:: RECORDS TO PROCESS ::
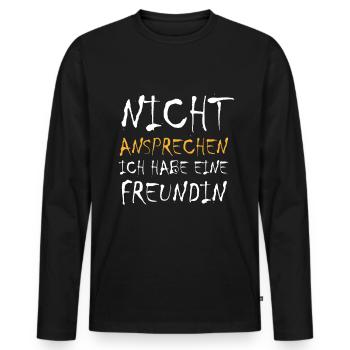 Nicht ansprechen ich habe eine Freundin LGBTQ Paar - Männer Premium Bio Langarmshirt - Schwarz - Vorne - Nico (187cm)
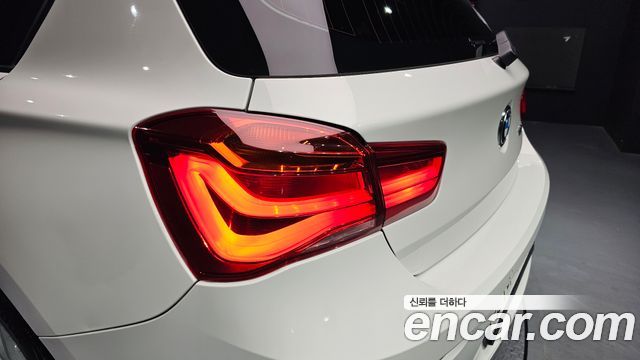 BMW 1-Series 2018 — photo 9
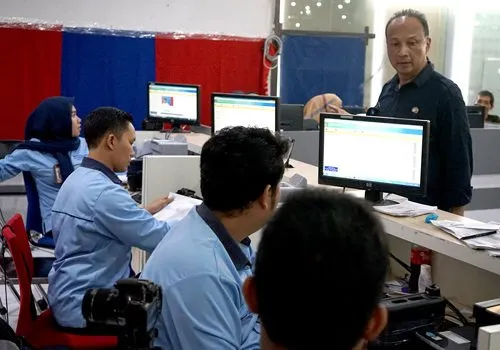 Permudah Warganya, di Surabaya Kini Kamu Bisa Cetak Akta Lahir Anak Sendiri di Rumah 5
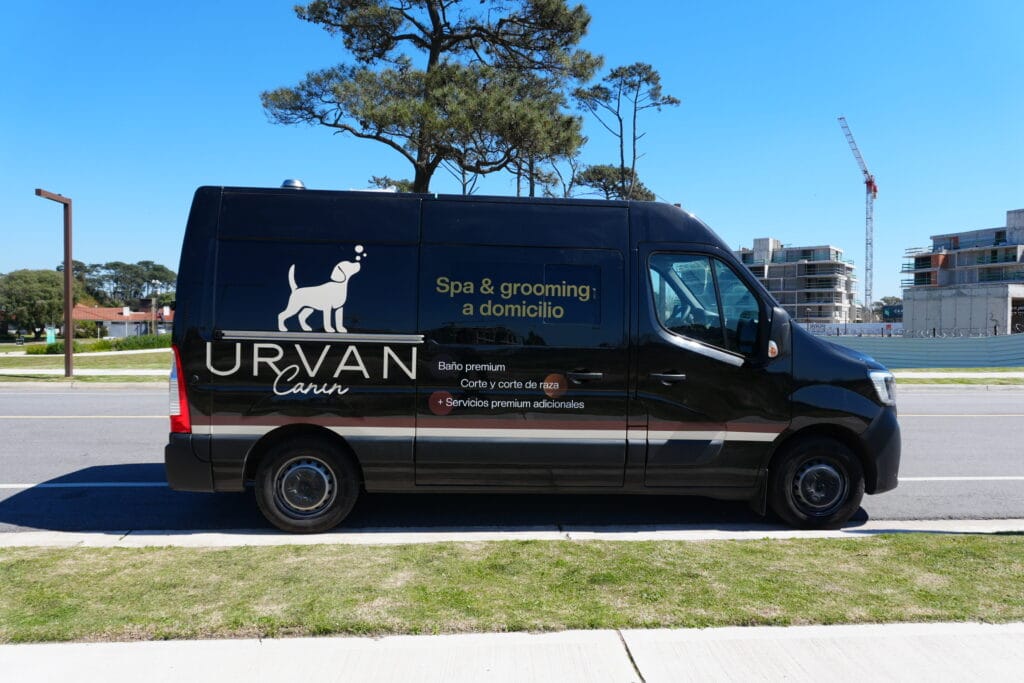 Van de Urvan Canin, equipada para baño y grooming de perros a domicilio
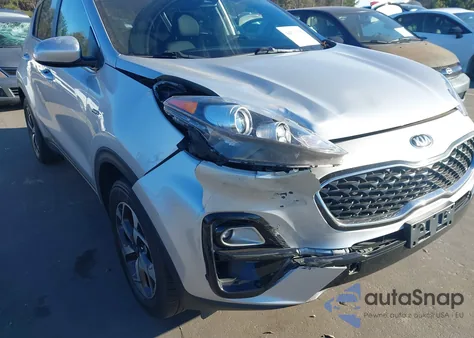 2020 Kia Sportage Lx z USA, uszkodzony, nr VIN KNDPMCAC4L7737825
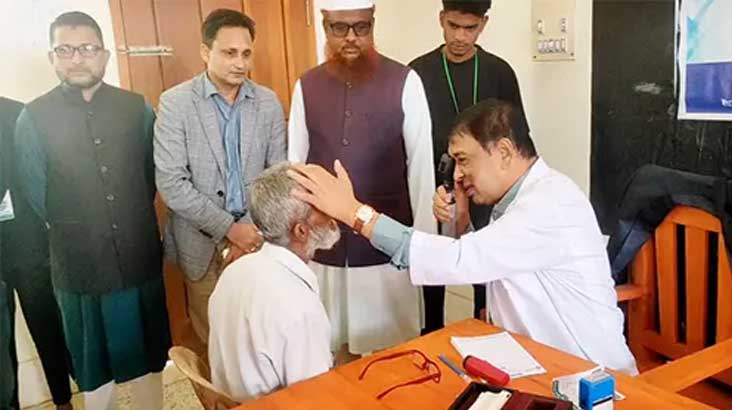 গণঅভ্যুত্থানে শহীদদের স্মরণে হবিগঞ্জে ফ্রি চিকিৎসা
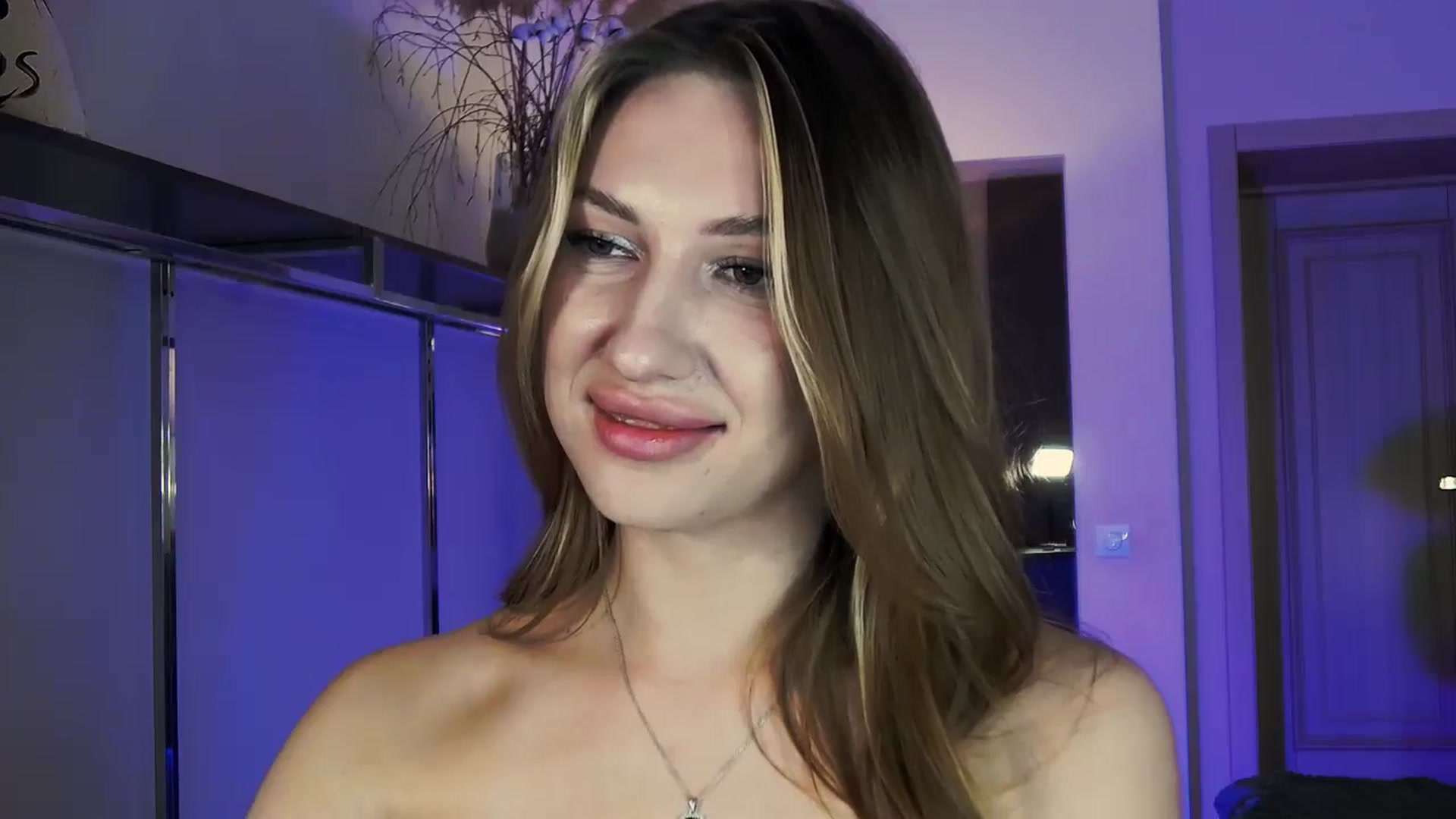 Gallery image thumbnail from LovelyGin's myfreecams stream on, 11/11/2025, 16:43 image 5 of 20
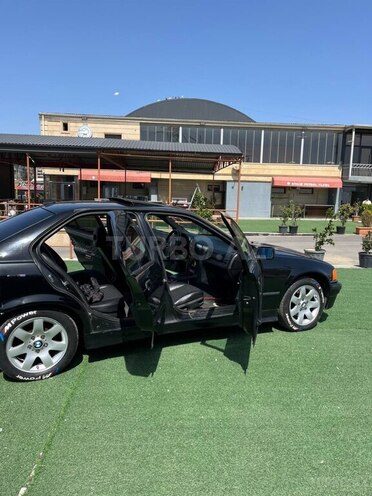 BMW 318 1993, 250,000 km - 1.8 l - Bakı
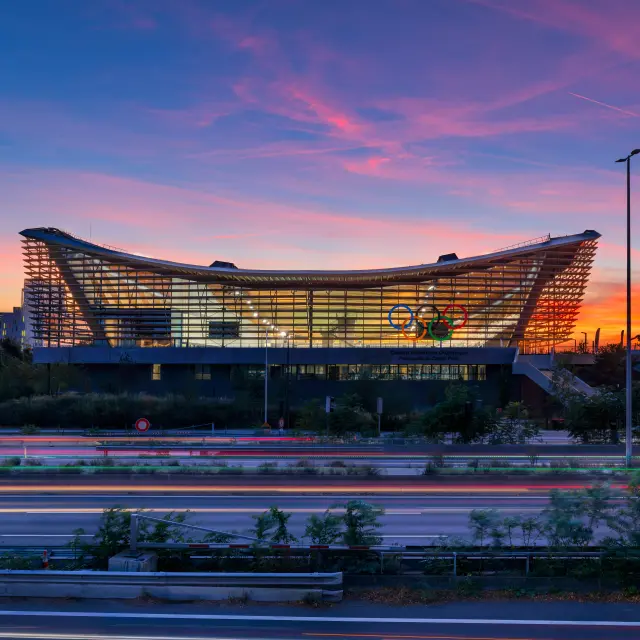 SEINE-SAINT-DENIS (93) SAINT-DENIS. LE CENTRE AQUATIQUE OLYMPIQUE METROPOLE DU GRAND PARIS (PISCINE OLYMPIQUE LORS DES JEUX OLYMPIQUES DE PARIS 2024). LA PISCINE A ETE REALISEE CONJOINTEMENT PAR L'AGENCE D'ARCHITECTURE ET DE PAYSAGE FRANCAISE ATELIERS 2/3/4/ ASSOCIEE A L'AGENCE NEERLANDAISE VENHOEVEN CS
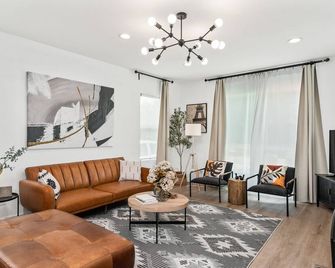 Lux 4br Home Near Nos & Yaamava W Private Backyard - San Bernardino - Sala de estar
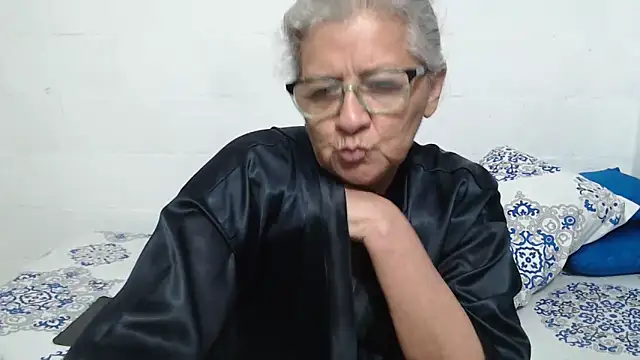 Snapshot of candy_mature_ chatting on 11-25-25, 10:37 candy mature online show from 11-25-25, 10:37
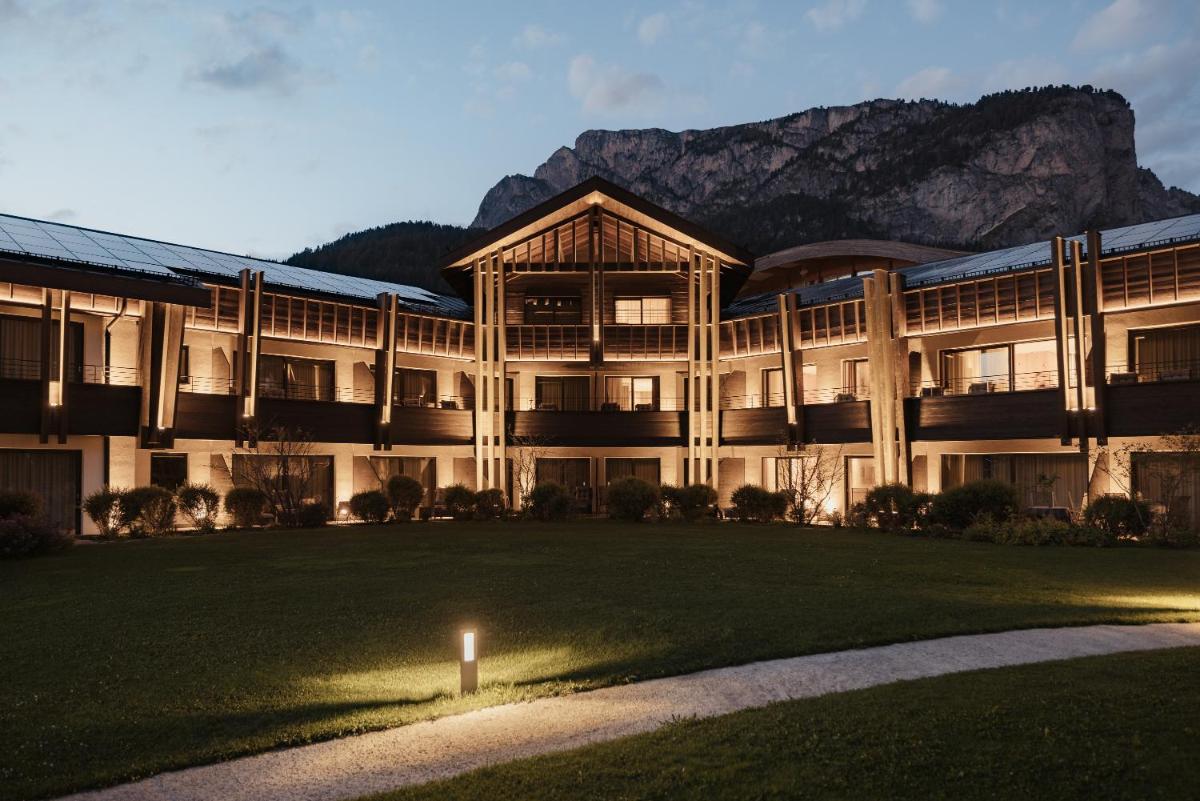 Granbaita Dolomites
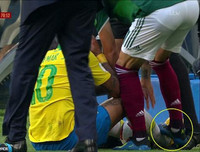 [ẢNH] Mặc mọi giễu cợt, Neymar lém lỉnh diễn lại 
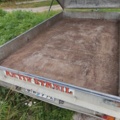 1485777-15 Släpvagn med aluminiumkåpa och plantlådeinsats - Aktiv Stabil 1300kg -1989 (Reparationsobjekt)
:::
**WHAT TO PRODUCE**
Would you restate the records above word for word and exclude the pictures?

**TASK RESULT**
 Nicht ansprechen ich habe eine Freundin LGBTQ Paar - Männer Premium Bio Langarmshirt - Schwarz - Vorne - Nico (187cm)
 BMW 1-Series 2018 — photo 9
 Permudah Warganya, di Surabaya Kini Kamu Bisa Cetak Akta Lahir Anak Sendiri di Rumah 5
 Van de Urvan Canin, equipada para baño y grooming de perros a domicilio
 2020 Kia Sportage Lx z USA, uszkodzony, nr VIN KNDPMCAC4L7737825
 গণঅভ্যুত্থানে শহীদদের স্মরণে হবিগঞ্জে ফ্রি চিকিৎসা
 Gallery image thumbnail from LovelyGin's myfreecams stream on, 11/11/2025, 16:43 image 5 of 20
 BMW 318 1993, 250,000 km - 1.8 l - Bakı
 SEINE-SAINT-DENIS (93) SAINT-DENIS. LE CENTRE AQUATIQUE OLYMPIQUE METROPOLE DU GRAND PARIS (PISCINE OLYMPIQUE LORS DES JEUX OLYMPIQUES DE PARIS 2024). LA PISCINE A ETE REALISEE CONJOINTEMENT PAR L'AGENCE D'ARCHITECTURE ET DE PAYSAGE FRANCAISE ATELIERS 2/3/4/ ASSOCIEE A L'AGENCE NEERLANDAISE VENHOEVEN CS
 Lux 4br Home Near Nos & Yaamava W Private Backyard - San Bernardino - Sala de estar
 Snapshot of candy_mature_ chatting on 11-25-25, 10:37 candy mature online show from 11-25-25, 10:37
 Granbaita Dolomites
 [ẢNH] Mặc mọi giễu cợt, Neymar lém lỉnh diễn lại 
 1485777-15 Släpvagn med aluminiumkåpa och plantlådeinsats - Aktiv Stabil 1300kg -1989 (Reparationsobjekt)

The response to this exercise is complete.